• _Required work_:
Dropping every picture, set down exactly the lines in the entries below, starting with the line with "Volkswagen Tiguan Active Grey #19" and going on through the line with "Fotos: gran ambiente, chicas".
--- Dataset extract Enclosed Below ---
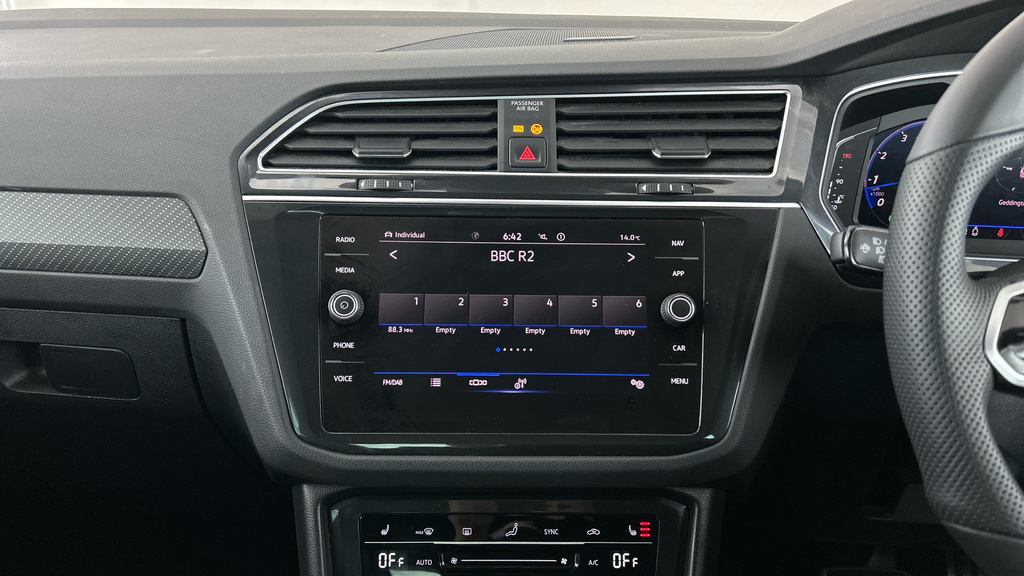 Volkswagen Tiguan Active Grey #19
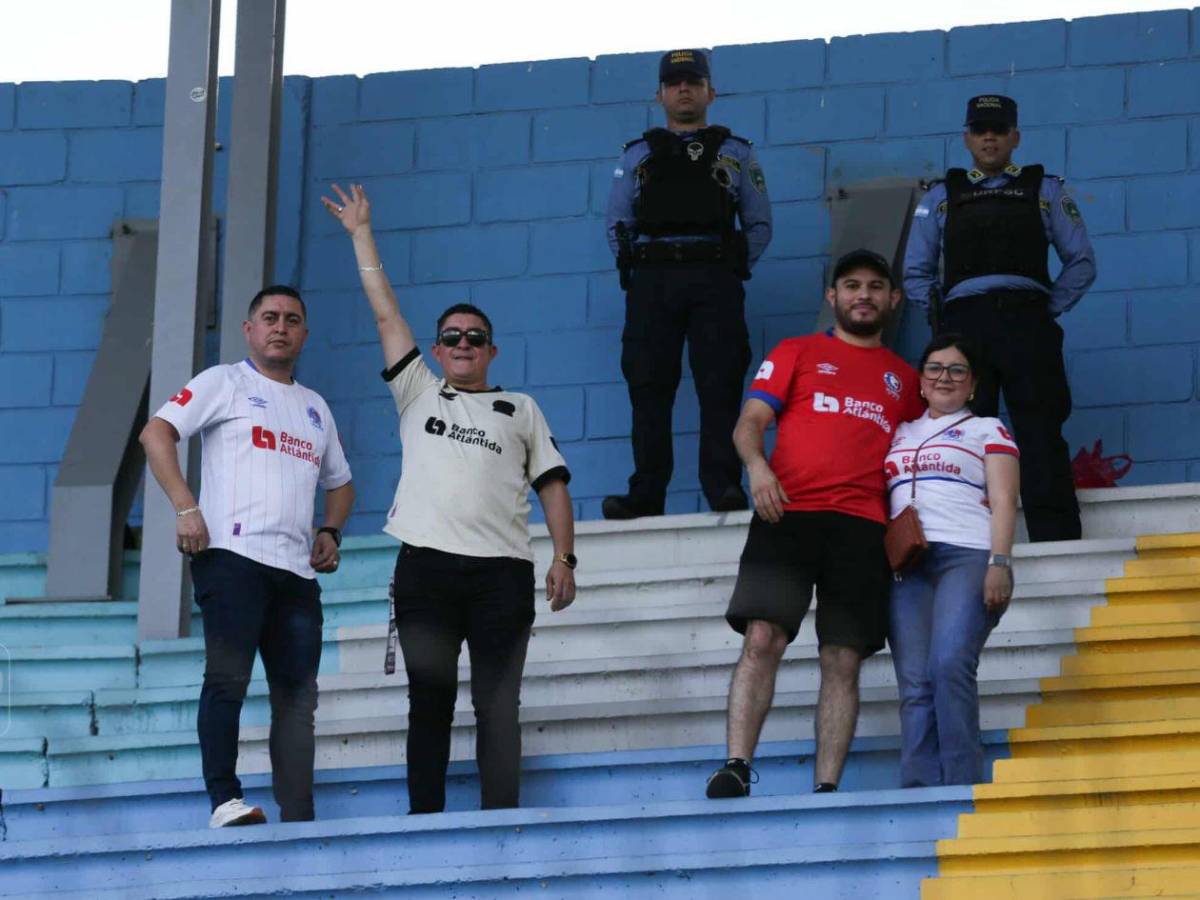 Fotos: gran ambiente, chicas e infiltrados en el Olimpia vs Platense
--- End of Enclosed Dataset extract ---
--- Dataset extract Enclosed Below ---
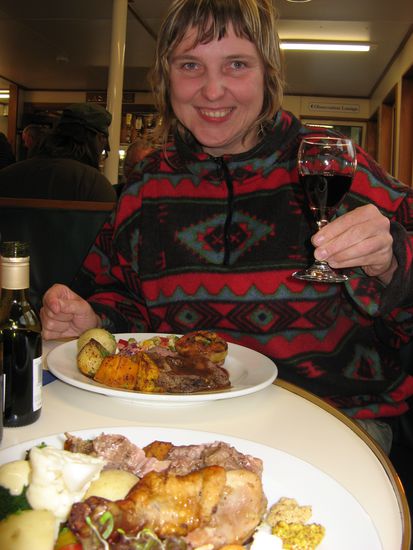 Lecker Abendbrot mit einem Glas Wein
--- End of Enclosed Dataset extract ---
• _Answer below_:
 Volkswagen Tiguan Active Grey #19
 Fotos: gran ambiente, chicas e infiltrados en el Olimpia vs Platense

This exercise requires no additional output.